(Records shown)

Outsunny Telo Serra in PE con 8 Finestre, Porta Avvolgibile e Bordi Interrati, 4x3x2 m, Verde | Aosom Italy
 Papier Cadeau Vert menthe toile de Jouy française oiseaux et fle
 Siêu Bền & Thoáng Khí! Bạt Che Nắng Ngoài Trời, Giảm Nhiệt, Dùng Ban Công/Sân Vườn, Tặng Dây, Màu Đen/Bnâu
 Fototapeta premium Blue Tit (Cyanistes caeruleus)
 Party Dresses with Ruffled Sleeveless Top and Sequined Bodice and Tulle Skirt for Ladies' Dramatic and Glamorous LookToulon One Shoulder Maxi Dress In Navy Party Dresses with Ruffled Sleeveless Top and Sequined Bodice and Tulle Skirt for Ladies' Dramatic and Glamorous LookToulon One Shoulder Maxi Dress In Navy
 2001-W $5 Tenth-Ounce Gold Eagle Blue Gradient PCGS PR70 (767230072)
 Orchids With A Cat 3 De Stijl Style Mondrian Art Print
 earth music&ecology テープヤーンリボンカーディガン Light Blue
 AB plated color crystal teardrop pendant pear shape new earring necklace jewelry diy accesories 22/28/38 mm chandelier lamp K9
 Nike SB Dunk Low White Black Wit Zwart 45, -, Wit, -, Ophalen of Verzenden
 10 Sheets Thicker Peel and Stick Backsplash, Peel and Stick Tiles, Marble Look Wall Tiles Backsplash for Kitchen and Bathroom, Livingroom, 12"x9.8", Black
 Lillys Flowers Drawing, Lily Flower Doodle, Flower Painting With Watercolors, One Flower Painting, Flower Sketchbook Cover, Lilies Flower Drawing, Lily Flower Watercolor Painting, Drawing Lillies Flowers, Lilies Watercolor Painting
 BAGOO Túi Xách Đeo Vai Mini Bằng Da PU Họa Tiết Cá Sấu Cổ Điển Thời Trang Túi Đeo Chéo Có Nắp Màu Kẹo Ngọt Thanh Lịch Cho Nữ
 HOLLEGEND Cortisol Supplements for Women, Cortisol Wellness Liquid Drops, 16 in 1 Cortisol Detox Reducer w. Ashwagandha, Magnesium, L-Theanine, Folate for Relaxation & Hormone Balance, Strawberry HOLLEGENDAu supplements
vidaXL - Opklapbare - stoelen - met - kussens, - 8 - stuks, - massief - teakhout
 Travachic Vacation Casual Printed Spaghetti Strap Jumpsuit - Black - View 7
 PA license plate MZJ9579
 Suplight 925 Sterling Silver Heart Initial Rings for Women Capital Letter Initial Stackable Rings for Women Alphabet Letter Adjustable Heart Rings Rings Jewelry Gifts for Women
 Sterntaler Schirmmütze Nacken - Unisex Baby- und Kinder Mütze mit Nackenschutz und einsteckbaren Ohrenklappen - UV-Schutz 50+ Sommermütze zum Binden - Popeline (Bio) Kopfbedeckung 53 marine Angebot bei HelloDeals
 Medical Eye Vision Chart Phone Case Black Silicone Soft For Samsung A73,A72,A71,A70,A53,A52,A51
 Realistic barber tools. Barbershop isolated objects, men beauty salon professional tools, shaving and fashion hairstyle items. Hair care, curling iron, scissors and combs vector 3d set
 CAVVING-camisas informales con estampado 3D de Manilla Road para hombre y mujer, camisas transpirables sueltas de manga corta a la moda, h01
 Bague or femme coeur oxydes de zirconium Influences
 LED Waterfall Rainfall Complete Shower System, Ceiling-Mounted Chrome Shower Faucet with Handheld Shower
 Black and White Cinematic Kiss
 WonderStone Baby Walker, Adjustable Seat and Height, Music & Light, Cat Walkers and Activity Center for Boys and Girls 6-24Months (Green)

(End Records shown)

Exercise brief ▸ Every line above from the line with "Orchids With A" to the line with "Nike SB Dunk", both included, must be reproduced exactly, and no other line may appear.

Solution for this exercise ▸
 Orchids With A Cat 3 De Stijl Style Mondrian Art Print
 earth music&ecology テープヤーンリボンカーディガン Light Blue
 AB plated color crystal teardrop pendant pear shape new earring necklace jewelry diy accesories 22/28/38 mm chandelier lamp K9
 Nike SB Dunk Low White Black Wit Zwart 45, -, Wit, -, Ophalen of Verzenden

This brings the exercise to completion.